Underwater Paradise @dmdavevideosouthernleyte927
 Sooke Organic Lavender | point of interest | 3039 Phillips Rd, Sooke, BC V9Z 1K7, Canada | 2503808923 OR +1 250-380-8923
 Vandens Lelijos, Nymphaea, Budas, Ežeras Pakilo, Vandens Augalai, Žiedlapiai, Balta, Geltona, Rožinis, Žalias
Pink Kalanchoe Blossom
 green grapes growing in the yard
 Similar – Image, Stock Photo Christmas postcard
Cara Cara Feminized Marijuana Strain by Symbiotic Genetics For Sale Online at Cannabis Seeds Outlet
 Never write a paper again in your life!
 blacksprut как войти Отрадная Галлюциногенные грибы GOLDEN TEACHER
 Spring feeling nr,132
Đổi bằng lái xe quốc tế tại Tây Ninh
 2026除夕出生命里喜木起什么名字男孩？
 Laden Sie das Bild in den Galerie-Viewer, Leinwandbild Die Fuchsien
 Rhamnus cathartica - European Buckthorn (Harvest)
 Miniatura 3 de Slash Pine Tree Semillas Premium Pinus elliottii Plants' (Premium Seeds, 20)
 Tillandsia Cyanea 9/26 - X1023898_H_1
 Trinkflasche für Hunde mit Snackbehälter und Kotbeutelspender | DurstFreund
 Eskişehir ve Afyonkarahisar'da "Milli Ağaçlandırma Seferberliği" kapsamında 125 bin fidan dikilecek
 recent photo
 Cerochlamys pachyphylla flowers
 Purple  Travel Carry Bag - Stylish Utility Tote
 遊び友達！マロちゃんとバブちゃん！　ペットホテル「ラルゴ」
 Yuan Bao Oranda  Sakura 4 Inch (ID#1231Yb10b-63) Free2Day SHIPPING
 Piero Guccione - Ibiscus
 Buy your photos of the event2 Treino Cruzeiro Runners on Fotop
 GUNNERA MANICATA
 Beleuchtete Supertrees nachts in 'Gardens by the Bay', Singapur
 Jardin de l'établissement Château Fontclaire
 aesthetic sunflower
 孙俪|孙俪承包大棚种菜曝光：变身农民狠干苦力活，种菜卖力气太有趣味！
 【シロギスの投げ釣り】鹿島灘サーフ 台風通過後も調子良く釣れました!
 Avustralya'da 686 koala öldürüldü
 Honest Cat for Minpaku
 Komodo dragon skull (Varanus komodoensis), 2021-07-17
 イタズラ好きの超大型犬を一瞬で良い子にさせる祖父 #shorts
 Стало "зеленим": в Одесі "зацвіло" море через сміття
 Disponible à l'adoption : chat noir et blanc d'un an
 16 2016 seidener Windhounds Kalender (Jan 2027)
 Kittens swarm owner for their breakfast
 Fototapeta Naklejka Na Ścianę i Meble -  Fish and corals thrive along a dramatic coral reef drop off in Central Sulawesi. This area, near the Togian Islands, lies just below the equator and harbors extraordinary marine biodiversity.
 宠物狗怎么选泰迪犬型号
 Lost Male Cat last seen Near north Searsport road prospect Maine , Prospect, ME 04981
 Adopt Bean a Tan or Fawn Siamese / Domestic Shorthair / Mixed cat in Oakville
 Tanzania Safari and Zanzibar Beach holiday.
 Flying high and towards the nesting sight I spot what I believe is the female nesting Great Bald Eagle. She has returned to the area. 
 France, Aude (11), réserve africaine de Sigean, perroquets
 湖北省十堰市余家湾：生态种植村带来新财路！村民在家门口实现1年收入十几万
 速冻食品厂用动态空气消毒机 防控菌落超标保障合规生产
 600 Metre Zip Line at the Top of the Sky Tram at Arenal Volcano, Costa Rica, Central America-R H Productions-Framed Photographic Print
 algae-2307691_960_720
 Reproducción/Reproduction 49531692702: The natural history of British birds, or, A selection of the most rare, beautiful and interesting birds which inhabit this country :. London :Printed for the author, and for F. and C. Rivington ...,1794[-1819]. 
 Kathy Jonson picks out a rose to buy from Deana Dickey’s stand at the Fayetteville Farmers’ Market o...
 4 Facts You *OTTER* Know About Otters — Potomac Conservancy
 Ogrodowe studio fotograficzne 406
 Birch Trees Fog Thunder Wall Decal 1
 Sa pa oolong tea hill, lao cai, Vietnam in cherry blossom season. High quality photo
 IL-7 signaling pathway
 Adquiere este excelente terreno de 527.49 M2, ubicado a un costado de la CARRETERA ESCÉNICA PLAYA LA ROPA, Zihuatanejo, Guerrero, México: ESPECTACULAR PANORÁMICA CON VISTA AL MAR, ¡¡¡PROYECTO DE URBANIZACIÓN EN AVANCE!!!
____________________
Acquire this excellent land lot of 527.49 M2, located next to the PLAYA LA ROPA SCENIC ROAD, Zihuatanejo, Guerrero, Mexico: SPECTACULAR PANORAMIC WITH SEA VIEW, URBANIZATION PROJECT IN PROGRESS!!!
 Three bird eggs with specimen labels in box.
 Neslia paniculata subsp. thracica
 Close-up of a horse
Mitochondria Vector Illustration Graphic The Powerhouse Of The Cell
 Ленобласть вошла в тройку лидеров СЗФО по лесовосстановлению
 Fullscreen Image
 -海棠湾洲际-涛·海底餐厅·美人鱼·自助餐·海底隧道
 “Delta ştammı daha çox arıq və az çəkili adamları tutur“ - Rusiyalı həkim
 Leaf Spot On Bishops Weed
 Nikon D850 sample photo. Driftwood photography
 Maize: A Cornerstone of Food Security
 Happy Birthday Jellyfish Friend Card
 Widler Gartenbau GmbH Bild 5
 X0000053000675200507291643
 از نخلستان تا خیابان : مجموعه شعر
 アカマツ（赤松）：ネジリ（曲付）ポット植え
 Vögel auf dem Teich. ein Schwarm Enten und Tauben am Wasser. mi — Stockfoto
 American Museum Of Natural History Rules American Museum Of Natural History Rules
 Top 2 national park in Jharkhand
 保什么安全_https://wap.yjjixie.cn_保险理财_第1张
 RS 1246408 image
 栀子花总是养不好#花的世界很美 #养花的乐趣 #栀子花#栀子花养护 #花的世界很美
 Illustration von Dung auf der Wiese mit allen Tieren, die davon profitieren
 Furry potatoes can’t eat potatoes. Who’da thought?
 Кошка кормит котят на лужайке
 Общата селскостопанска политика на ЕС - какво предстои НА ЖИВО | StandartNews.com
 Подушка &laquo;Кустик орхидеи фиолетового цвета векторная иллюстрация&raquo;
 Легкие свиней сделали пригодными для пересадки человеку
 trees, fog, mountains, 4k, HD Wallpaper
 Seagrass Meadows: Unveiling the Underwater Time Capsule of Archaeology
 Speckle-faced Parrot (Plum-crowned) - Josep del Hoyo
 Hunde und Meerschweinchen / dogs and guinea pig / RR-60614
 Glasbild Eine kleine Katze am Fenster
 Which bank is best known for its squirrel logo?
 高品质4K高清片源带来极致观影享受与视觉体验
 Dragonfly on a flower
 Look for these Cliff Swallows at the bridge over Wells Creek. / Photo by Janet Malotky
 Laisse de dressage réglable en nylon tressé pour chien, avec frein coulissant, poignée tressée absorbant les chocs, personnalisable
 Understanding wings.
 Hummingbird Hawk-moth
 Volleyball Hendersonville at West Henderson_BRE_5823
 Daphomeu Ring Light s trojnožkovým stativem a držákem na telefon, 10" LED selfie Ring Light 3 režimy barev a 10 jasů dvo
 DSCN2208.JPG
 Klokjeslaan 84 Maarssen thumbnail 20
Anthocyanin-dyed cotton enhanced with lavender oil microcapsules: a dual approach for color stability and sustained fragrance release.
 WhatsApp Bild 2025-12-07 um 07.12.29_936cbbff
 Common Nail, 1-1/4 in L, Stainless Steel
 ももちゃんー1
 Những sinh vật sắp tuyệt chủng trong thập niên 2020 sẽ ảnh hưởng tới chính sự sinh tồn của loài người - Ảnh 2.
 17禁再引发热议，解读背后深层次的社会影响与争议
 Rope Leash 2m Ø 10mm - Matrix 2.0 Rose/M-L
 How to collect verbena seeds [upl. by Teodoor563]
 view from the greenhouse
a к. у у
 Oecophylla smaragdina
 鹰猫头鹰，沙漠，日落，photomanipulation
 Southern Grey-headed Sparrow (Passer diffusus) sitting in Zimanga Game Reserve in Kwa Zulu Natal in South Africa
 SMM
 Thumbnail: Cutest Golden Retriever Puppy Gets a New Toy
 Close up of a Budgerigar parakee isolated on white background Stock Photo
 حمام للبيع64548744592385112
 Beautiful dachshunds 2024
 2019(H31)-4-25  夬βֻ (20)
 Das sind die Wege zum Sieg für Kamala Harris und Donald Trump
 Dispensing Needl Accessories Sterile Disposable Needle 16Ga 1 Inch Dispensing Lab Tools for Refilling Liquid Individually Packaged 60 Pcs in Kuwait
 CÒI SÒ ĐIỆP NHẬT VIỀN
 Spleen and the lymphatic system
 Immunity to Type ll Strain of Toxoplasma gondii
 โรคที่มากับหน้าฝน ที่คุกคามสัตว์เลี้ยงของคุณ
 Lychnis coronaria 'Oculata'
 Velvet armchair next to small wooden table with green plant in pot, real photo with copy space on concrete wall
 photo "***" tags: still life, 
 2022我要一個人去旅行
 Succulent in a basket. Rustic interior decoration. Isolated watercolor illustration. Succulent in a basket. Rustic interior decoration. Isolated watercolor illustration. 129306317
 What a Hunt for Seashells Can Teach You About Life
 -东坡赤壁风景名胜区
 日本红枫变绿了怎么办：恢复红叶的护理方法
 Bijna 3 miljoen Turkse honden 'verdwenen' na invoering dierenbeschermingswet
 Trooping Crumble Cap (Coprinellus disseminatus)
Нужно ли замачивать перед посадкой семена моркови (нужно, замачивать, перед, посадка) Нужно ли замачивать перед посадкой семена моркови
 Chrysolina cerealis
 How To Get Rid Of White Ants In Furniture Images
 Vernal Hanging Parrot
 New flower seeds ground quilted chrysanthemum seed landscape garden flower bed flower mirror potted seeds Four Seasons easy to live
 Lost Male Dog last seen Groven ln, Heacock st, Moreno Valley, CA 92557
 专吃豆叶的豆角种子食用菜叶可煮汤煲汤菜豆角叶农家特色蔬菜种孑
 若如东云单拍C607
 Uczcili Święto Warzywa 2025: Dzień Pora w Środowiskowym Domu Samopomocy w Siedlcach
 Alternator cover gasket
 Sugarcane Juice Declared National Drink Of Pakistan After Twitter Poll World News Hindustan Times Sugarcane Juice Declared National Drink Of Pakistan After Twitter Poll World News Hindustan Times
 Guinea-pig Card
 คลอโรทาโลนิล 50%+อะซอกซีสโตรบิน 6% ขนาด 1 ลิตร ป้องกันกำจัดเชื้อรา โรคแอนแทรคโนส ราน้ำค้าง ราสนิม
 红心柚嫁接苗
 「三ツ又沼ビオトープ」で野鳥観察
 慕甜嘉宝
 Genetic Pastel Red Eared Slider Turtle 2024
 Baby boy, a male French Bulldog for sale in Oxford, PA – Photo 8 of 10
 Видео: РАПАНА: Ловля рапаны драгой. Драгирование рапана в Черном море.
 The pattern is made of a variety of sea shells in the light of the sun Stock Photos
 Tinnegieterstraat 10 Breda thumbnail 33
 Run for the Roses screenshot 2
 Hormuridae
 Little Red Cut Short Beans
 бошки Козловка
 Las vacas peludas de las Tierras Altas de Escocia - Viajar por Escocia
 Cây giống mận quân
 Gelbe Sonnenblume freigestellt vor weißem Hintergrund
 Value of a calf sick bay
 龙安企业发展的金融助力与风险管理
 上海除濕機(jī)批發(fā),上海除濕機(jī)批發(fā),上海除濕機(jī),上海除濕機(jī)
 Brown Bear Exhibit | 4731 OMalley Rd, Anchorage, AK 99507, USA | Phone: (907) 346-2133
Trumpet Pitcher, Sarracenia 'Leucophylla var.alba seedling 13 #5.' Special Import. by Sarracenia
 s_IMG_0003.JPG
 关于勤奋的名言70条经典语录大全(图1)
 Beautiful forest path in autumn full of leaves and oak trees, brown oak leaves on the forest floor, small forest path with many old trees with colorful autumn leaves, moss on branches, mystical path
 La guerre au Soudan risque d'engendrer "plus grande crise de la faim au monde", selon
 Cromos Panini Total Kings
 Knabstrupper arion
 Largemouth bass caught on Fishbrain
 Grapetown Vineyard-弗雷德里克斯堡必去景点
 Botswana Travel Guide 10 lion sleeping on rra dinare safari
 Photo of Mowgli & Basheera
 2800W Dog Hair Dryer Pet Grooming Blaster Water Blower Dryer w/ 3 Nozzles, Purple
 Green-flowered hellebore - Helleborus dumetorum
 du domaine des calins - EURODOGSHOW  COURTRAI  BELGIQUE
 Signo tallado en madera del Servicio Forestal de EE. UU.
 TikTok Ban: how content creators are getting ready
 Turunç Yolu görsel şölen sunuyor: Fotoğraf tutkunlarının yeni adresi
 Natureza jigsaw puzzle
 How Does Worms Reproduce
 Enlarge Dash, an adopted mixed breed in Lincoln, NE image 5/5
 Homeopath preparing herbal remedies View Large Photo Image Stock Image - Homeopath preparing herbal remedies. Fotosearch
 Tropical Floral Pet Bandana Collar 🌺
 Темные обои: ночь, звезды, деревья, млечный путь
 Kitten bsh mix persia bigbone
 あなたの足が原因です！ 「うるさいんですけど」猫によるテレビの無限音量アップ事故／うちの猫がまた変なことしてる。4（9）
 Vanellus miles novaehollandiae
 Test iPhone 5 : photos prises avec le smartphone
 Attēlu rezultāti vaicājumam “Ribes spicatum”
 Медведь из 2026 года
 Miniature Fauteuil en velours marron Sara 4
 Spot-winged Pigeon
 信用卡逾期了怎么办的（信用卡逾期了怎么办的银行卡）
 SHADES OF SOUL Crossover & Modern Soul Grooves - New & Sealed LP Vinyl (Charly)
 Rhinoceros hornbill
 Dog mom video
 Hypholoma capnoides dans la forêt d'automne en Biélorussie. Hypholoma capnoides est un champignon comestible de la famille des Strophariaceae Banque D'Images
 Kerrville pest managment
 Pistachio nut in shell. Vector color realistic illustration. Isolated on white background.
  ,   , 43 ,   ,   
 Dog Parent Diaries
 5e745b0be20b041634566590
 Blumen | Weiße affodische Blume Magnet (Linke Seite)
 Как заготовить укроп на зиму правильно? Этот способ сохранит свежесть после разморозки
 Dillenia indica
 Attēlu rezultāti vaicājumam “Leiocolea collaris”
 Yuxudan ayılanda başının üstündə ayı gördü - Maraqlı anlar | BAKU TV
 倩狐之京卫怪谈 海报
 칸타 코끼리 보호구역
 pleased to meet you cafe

#####

**TASK DESCRIPTION**
Within the listing above, the range opens at the line with "Buy your photos" and closes at the line with "イタズラ好きの超大型犬を一瞬で良い子にさせる祖父 #shorts". Reproduce exactly the lines of that range, including both ends.

**RESULT FOR THIS TASK**
 Buy your photos of the event2 Treino Cruzeiro Runners on Fotop
 GUNNERA MANICATA
 Beleuchtete Supertrees nachts in 'Gardens by the Bay', Singapur
 Jardin de l'établissement Château Fontclaire
 aesthetic sunflower
 孙俪|孙俪承包大棚种菜曝光：变身农民狠干苦力活，种菜卖力气太有趣味！
 【シロギスの投げ釣り】鹿島灘サーフ 台風通過後も調子良く釣れました!
 Avustralya'da 686 koala öldürüldü
 Honest Cat for Minpaku
 Komodo dragon skull (Varanus komodoensis), 2021-07-17
 イタズラ好きの超大型犬を一瞬で良い子にさせる祖父 #shorts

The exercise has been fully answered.